Volume VII, Issue 1, 2013, doi:10.33178/scenario.7.1.1
© 2013, The Author(s). This work is licensed under a Creative Commons Attribution-NonCommercial-NoDerivatives 4.0 International License.

The auditorium, as Peh saw through the slit between the curtains, was two thirds full. There had to be more than 200 people in the audience. His actors crowded in from behind so that they could look out, too; he all but fell into the curtain and rolled under it and off the stage, which would have sent him tumbling across the ramp and finally coming to rest at the feet of the first row of seats. That was where most of the former board of trustees were sitting now, like referees at a figure skating event. Would they grant him ten points, and thus the new job? In the second row he saw his favorite colleagues, those who had always attended his plays. He turned around.

“Oh man, all my housemates are sitting out there.”

“Well, sure, you gave them free tickets!”

“Let me have a look, too”, said Anton.

“Nobody will come for you anyway”, said Kit, “Or does Attac go to the theater?”

“You have no idea.”

Anton, Anton. The heartache and head worry that guy had caused him with his talk of revolution. But now, Peh thought, pacified, now everything was coming together harmonically. Anton had explicitly agreed, once again, not to level the differences, but not to let them affect things either. We’ll deal with it after opening night, he had said, by then everything will have become clear. He stepped next to his monster actor.

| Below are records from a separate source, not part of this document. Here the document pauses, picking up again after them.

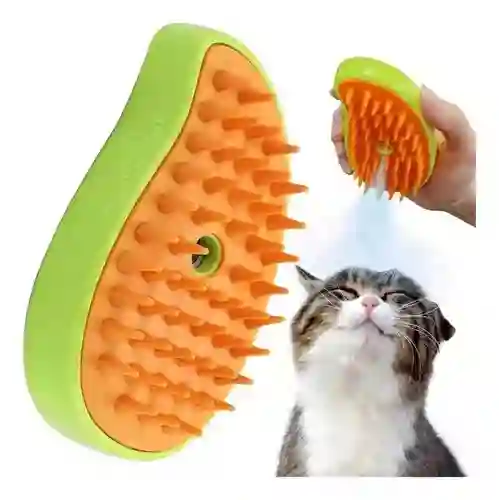 Cepillo De Vapor 3en1 Masajeador Para Mascotas Perros Y Gatos Color Verde Lima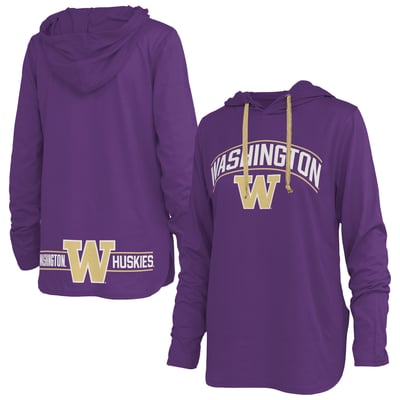 Washington Huskies Pressbox Women's Allie Long Sleeve Hooded T-Shirt - Purple

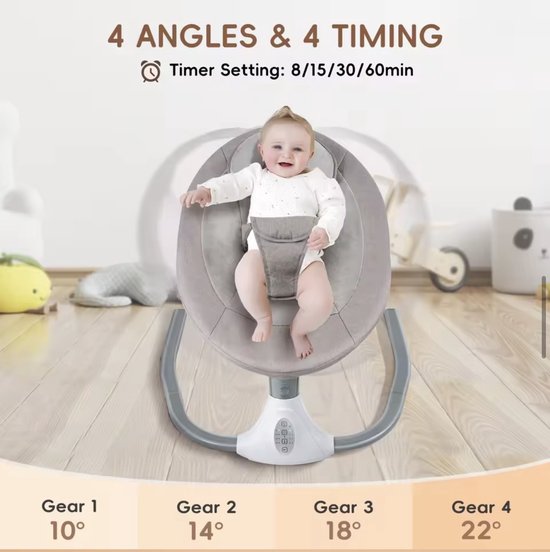 Elektrisch Babyschommelwieg - Wipstoel - Schommelstoel - Voor Pasgeborenen en Peuters - Draagbare Wieg met Bluetooth Muziek, Afstandsbediening en 4 Snelheidsinstellingen - Grijs - 3 punts Veiligheidsgordel — afbeelding 3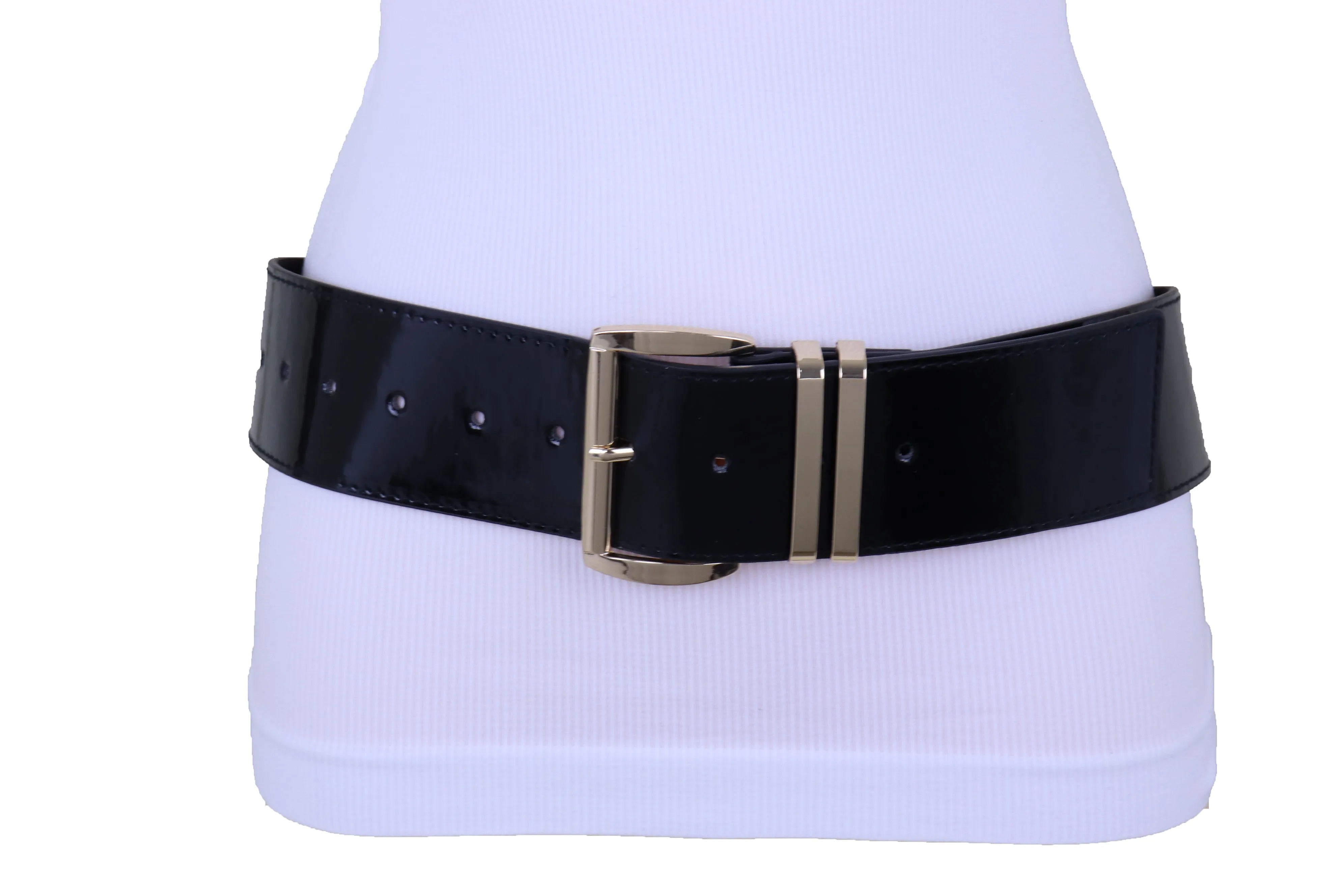 Solid Colored Faux Leather Two-Bar Loop Square Buckle Classic Belt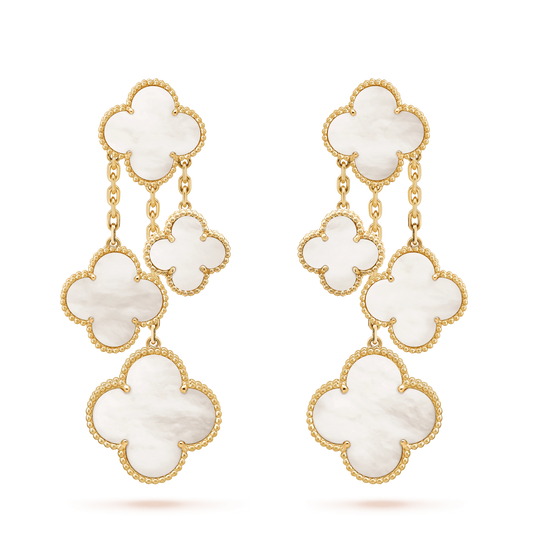 [Star Jewelry]CLOVER EARRINGS WHITE MOP 4 MOTIFS GOLD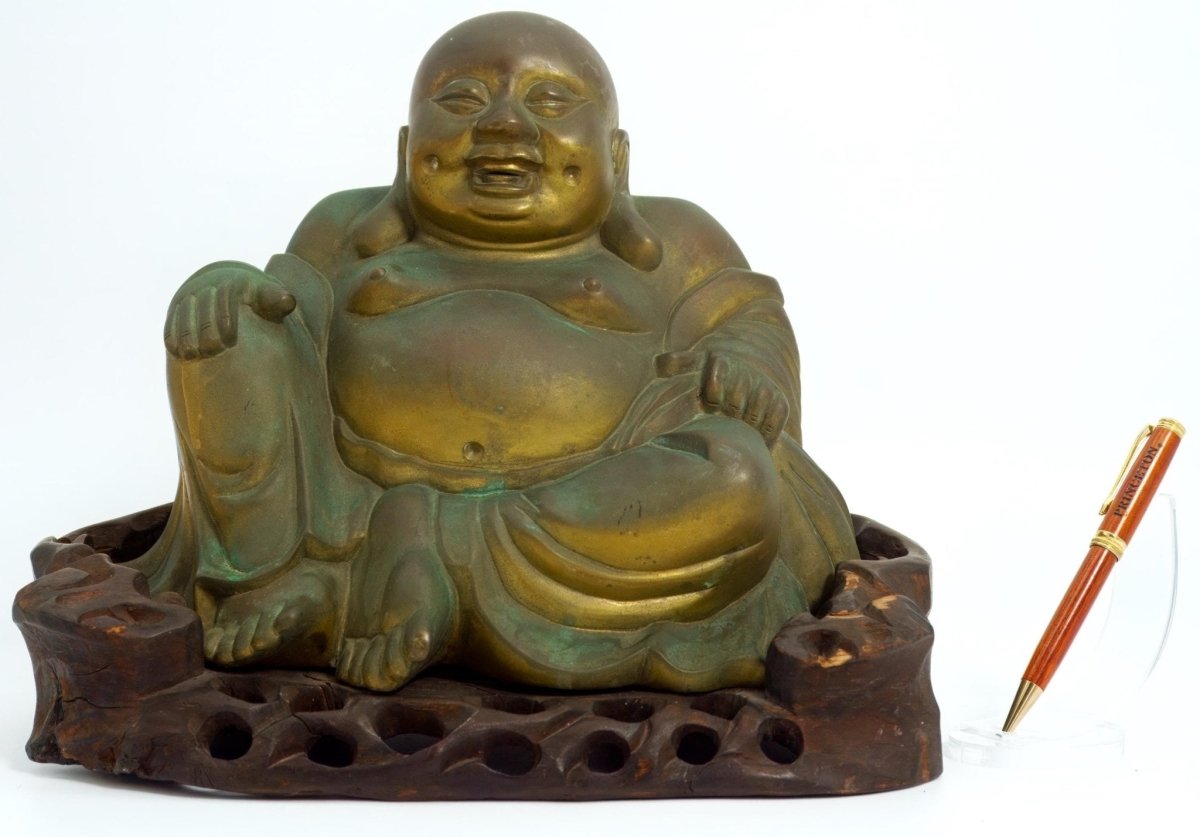 Laughing Buddha (12") Sculpture with Rosewood Base | Vintage Bronze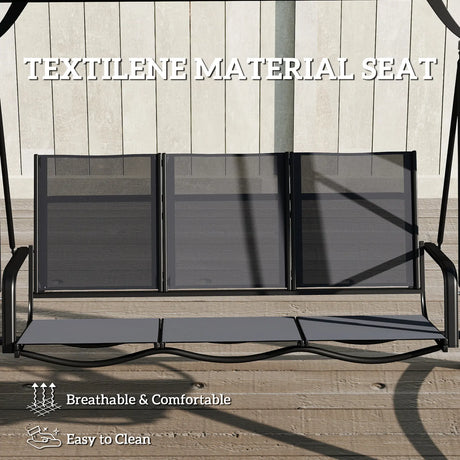 Outsunny 3 Seater Swing Chair, Garden Swing Bench with Adjustable Tilting Canopy, Breathable Mesh Seat 360 kg Capacity, Grey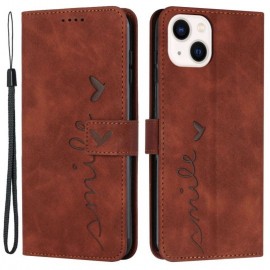 Coverup Smile Book Case - iPhone 13 Hoesje - Bruin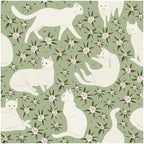 Floralplus Wallpaper Peel and Stick White Cat Floral Sage Green Aesthetic Bedroom Nursery Kids Room Removable Self Adhesive Wall Decor Mural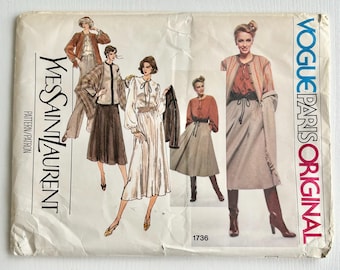 Vogue 1736, Yves St Laurent, Vogue Paris Original, 1970's Vintage, Misses' Jacket, Blouse, Skirt, Pants & Shawl, Sz 10, Uncut Vogue Pattern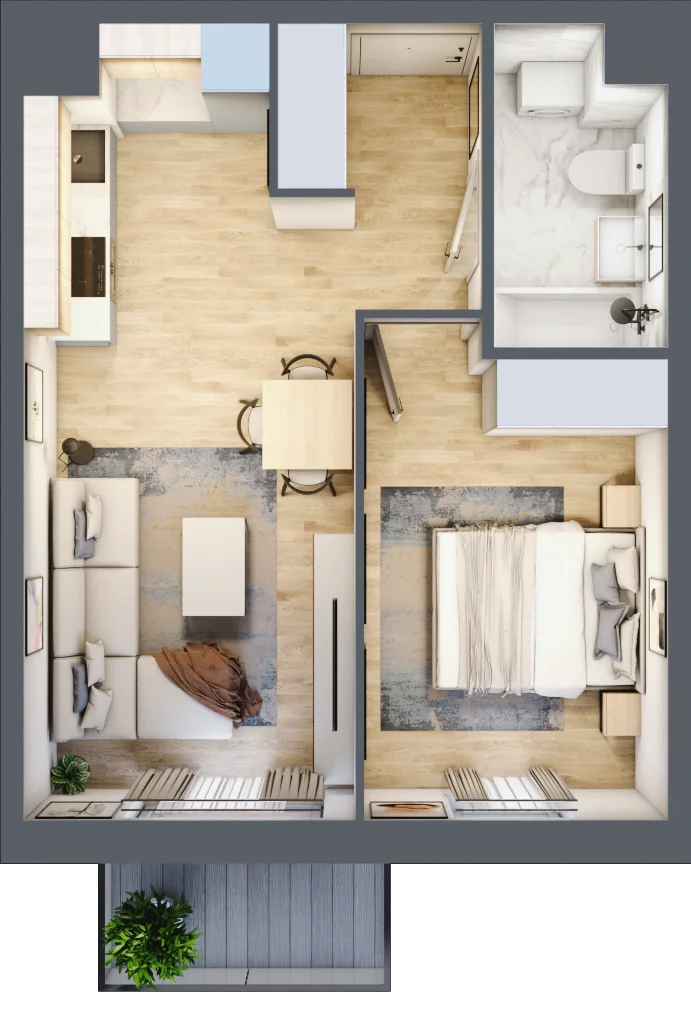 2 pokoje, mieszkanie 38,27 m², piętro 1, oferta nr A/101, Osiedle Międzyleska 3, Wrocław, Tarnogaj, Krzyki, ul. Międzyleska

“Everything alright, Mr Bodily Discord?”

Anton looked down at himself and pointed to his costume, smiling. Peh admired the overalls, by intention roughly seamed together, which fitted so closely that seen from a distance, they almost seemed like a skin. Full-body condom, they had said, that must feel weird with those seams. They only ever thought of the one thing, really. As for the head, Anton had shaved his hair and dyed the skin a grayish brown, and Anna had painted zigzagging scars on it which approximately followed the seams where the bones of the skull are joined by nature. The eyes lay deep in blue-black caverns, the mouth had been lengthened by lines almost to the ears, in a permanently horrible and at the same time angry and anxious smile; his hands were covered with ancient mangy fur gloves and his feet with ankle-high black rubber boots. The distorted smile, thought Peh, is that the mask or is it simply the way he is?

“Man”, said Peh, “You really look like serious disaster is within your powers.”

“Discord, disaster, all those dis-words, are you disturbed by my looks?”

“Have to be, don’t I? After all, you’re the monster.”

Fifteen more minutes left. They were assembled. Peh clapped his hands.

“Where’s the sparkling wine?”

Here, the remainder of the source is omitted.